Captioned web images
***

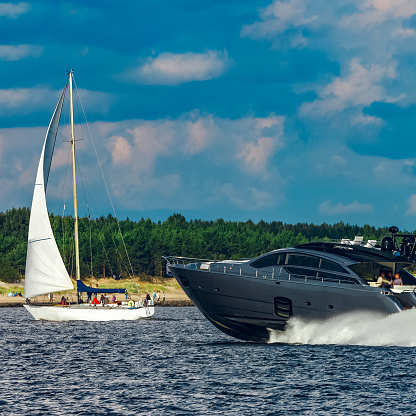 Grey speedboat moving fast by the river in Latvia. Water sport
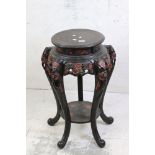 Chinese Ebonised and Red Lacquered Hardwood Stand, carved with flowers and foliage, raised on five
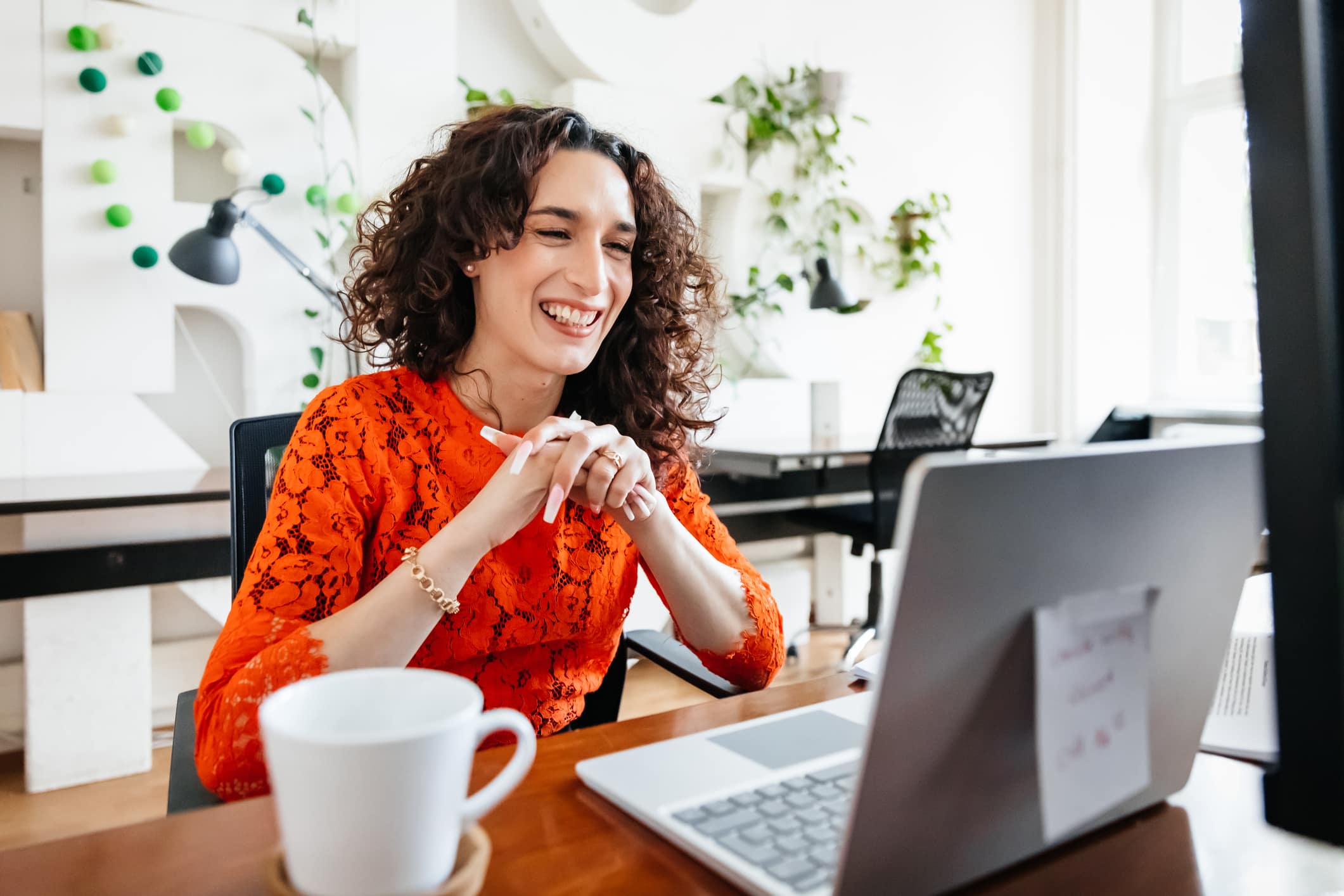 woman-smiling-while-working-what-is-a-manifestation-journal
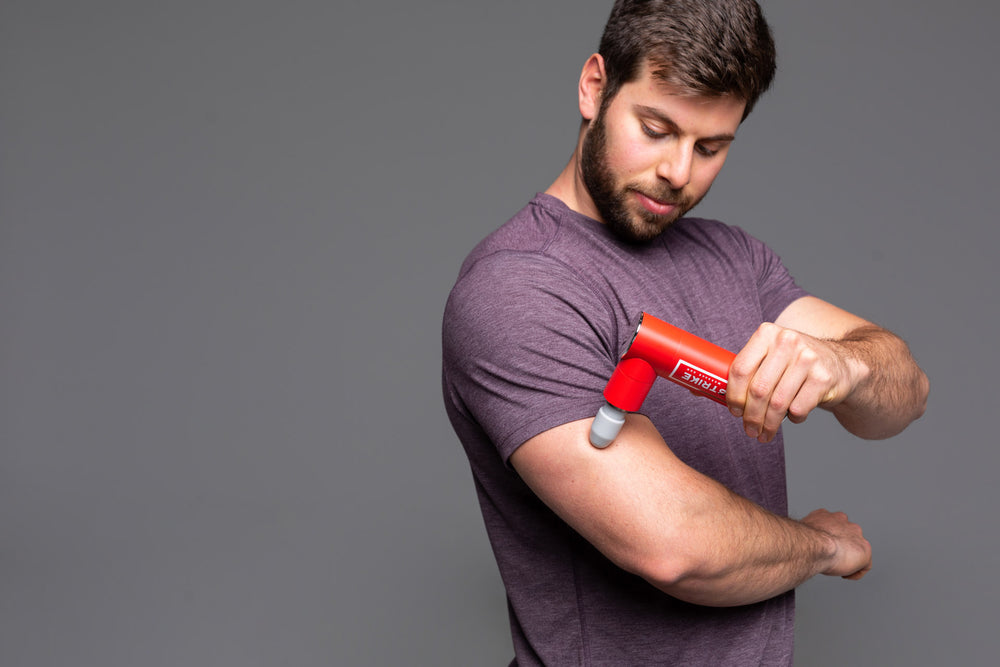 Individual using the Rapidstrike Massage Gun on his tricep.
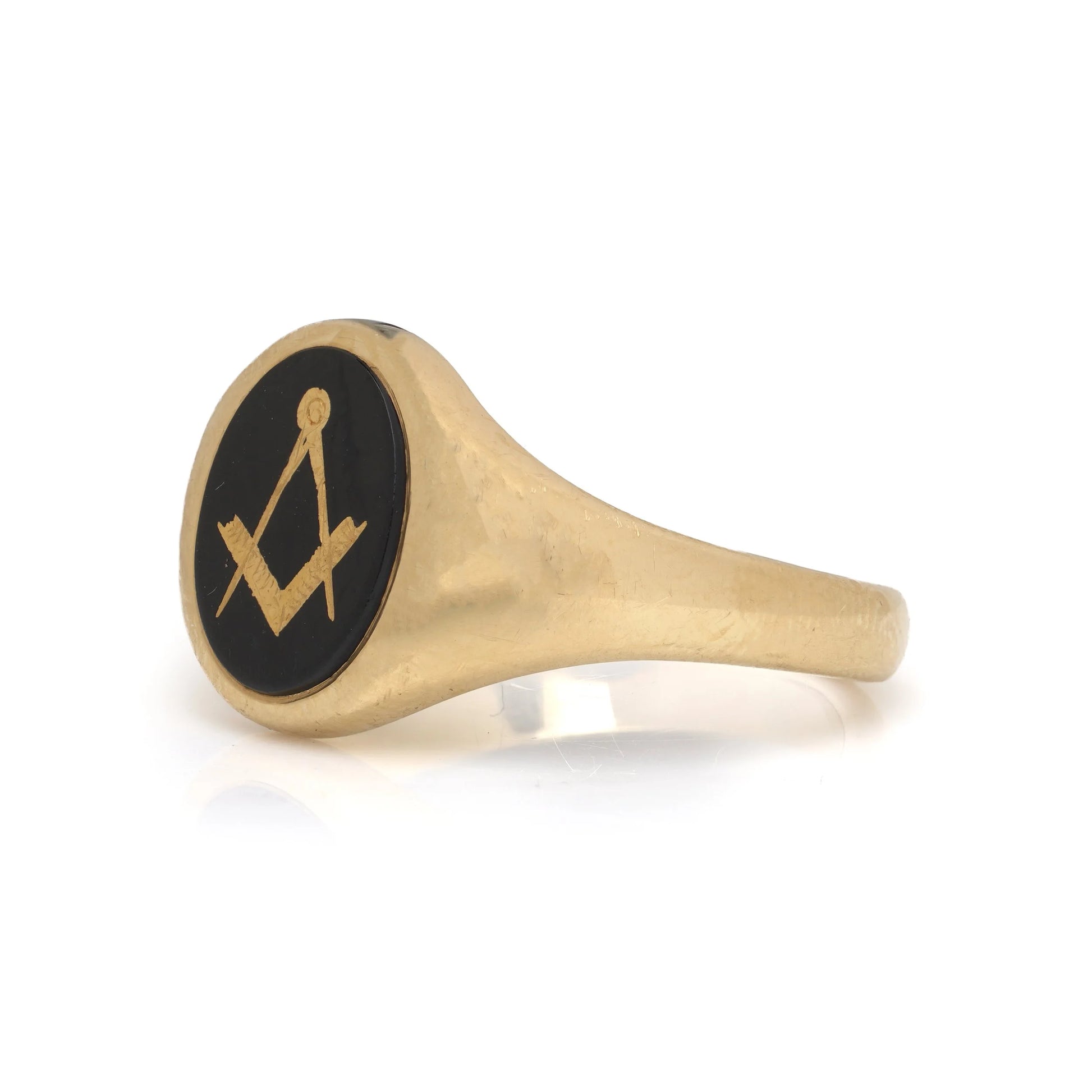 A yellow gold signet ring with an oval onyx masonic plaque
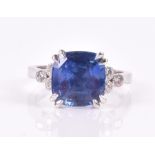 An 18ct white gold, diamond, and sapphire ring set with a cushion-cut natural Sri Lankan sapphire of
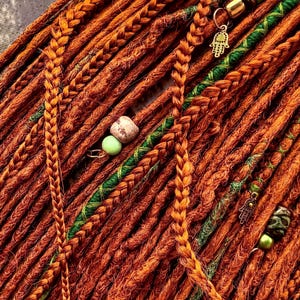 a close-up view of a collection of braided hair strands in various shades of orange and green, with small green beads and a gold-colored charm attached to some of the braids.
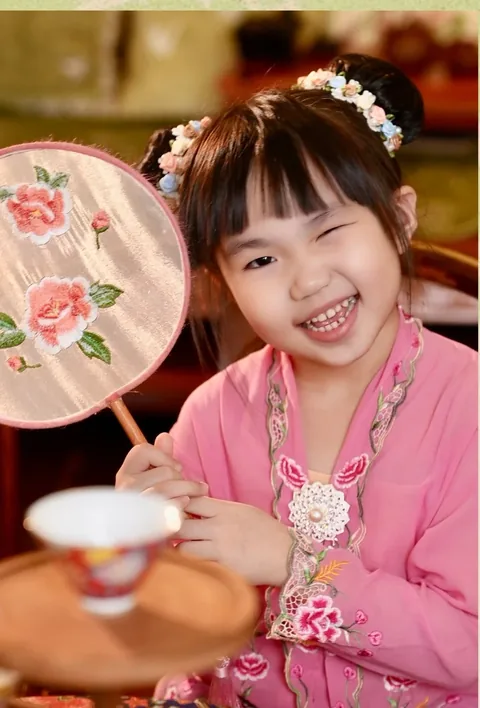 身穿粉色可峇雅的女孩手持牡丹团扇开怀大笑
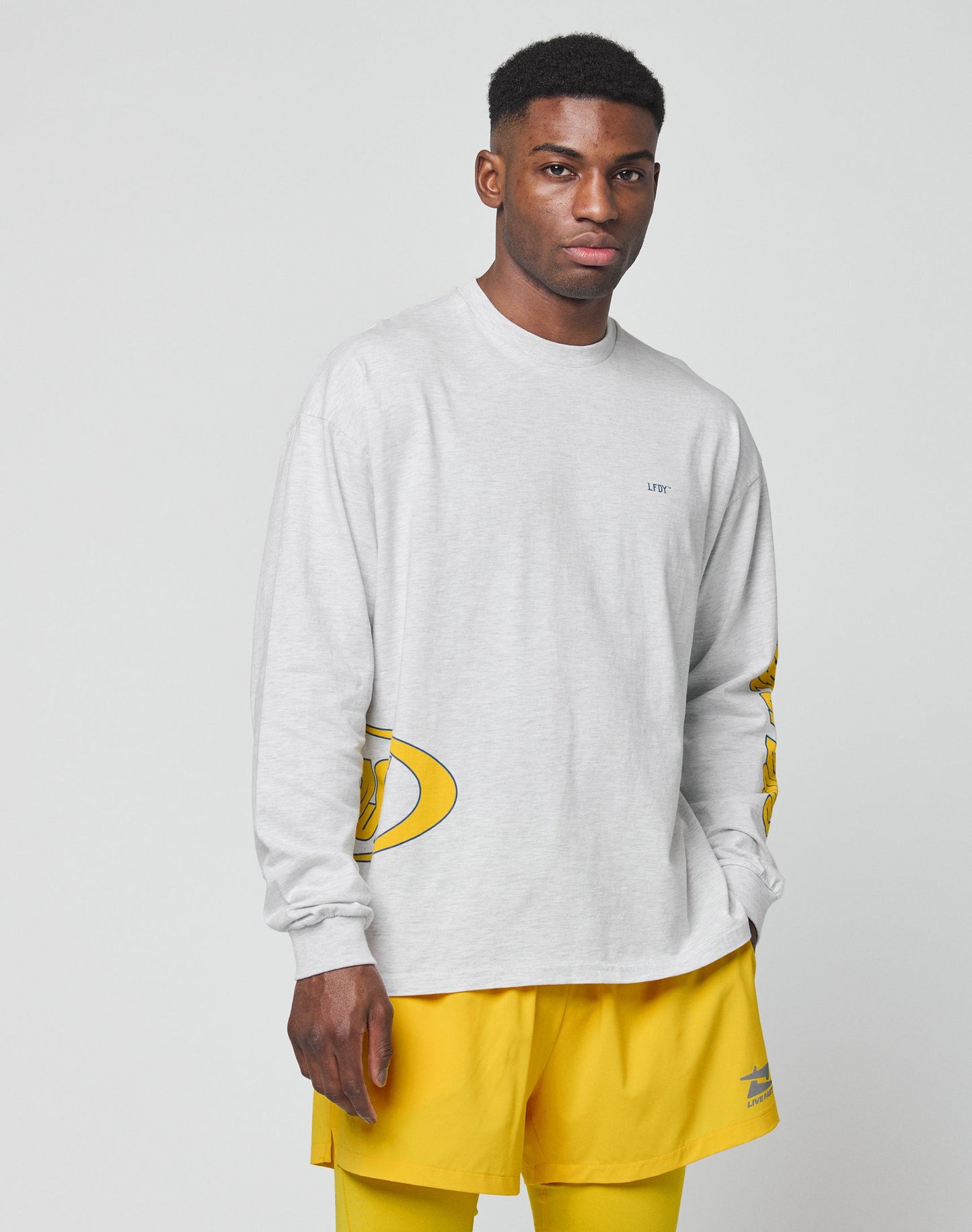 A man stands against a plain background wearing the LFDY Split Sphere Longsleeve by LIVE FAST DIE YOUNG, an oversize fit light gray shirt with small designs, paired with bright yellow shorts. He faces forward with a neutral expression, left hand by his side.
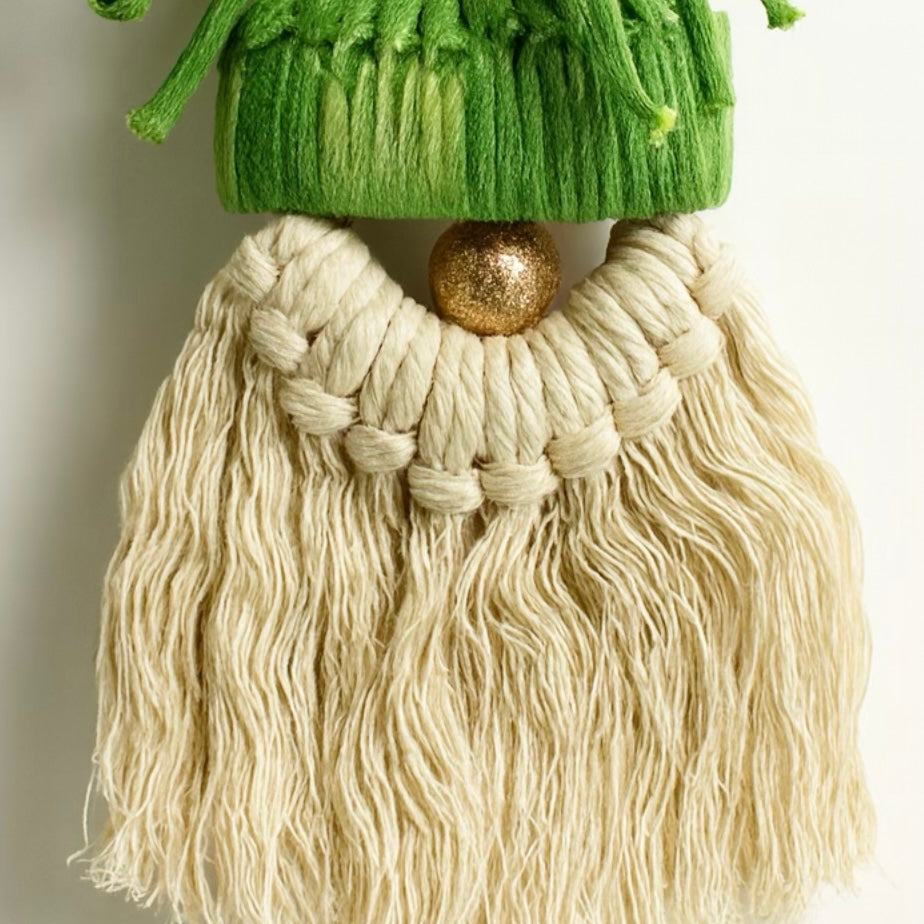 Gnome figurine with green hat and long white beard on a neutral background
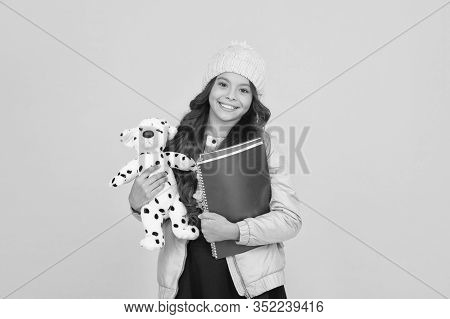 Classes Begin. Happy Small Girl Hold Toy Dog. Winter Holiday And Vacation. Childhood Happiness. Chil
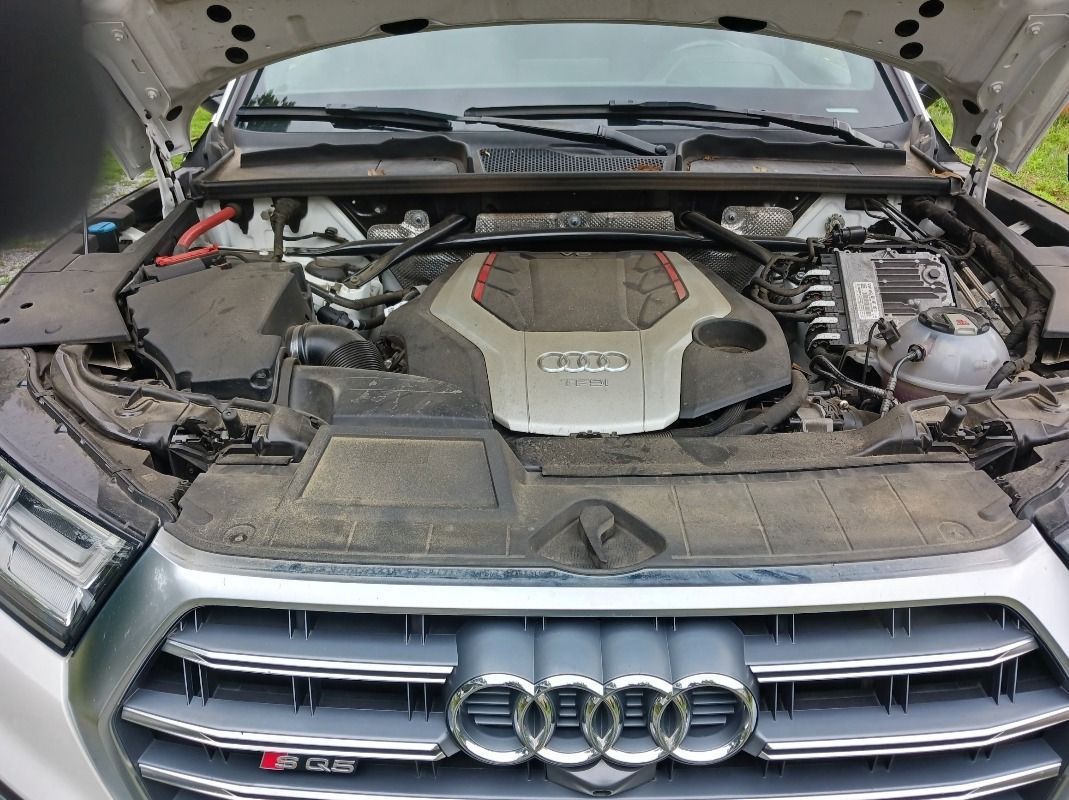 Audi SQ5 engine compartment, hood open, gray engine cover, silver grille with rings, dirt.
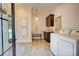 A modern laundry room with stainless steel utility sink and white front load washer and dryer at 445 Sundown Rd, Mooresville, NC 28117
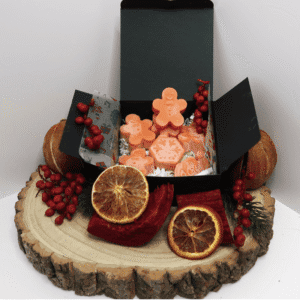 Citrus Spice Wax Melt inside an open black box, surrounded by 2 dried oranges, orange slices, red bark, and red berries, all sitting on top of a wooden board.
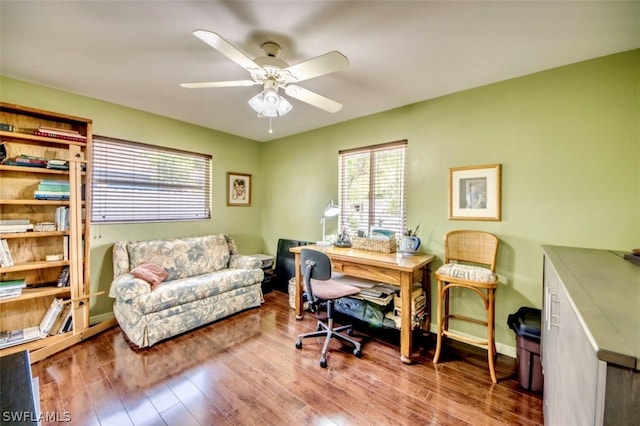 office area with ceiling fan and hardwood / wood-style flooring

***

• [Your assignment]: A word-for-word copy of the records is needed, one that contains no pictures.

• [Output for this exercise]:
 Grey speedboat moving fast by the river in Latvia. Water sport
 Chinese Ebonised and Red Lacquered Hardwood Stand, carved with flowers and foliage, raised on five
 woman-smiling-while-working-what-is-a-manifestation-journal
 Individual using the Rapidstrike Massage Gun on his tricep.
 A yellow gold signet ring with an oval onyx masonic plaque
 An 18ct white gold, diamond, and sapphire ring set with a cushion-cut natural Sri Lankan sapphire of
 a close-up view of a collection of braided hair strands in various shades of orange and green, with small green beads and a gold-colored charm attached to some of the braids.
 身穿粉色可峇雅的女孩手持牡丹团扇开怀大笑
 A man stands against a plain background wearing the LFDY Split Sphere Longsleeve by LIVE FAST DIE YOUNG, an oversize fit light gray shirt with small designs, paired with bright yellow shorts. He faces forward with a neutral expression, left hand by his side.
 Gnome figurine with green hat and long white beard on a neutral background
 Classes Begin. Happy Small Girl Hold Toy Dog. Winter Holiday And Vacation. Childhood Happiness. Chil
 Audi SQ5 engine compartment, hood open, gray engine cover, silver grille with rings, dirt.
 A modern laundry room with stainless steel utility sink and white front load washer and dryer at 445 Sundown Rd, Mooresville, NC 28117
 Citrus Spice Wax Melt inside an open black box, surrounded by 2 dried oranges, orange slices, red bark, and red berries, all sitting on top of a wooden board.
 office area with ceiling fan and hardwood / wood-style flooring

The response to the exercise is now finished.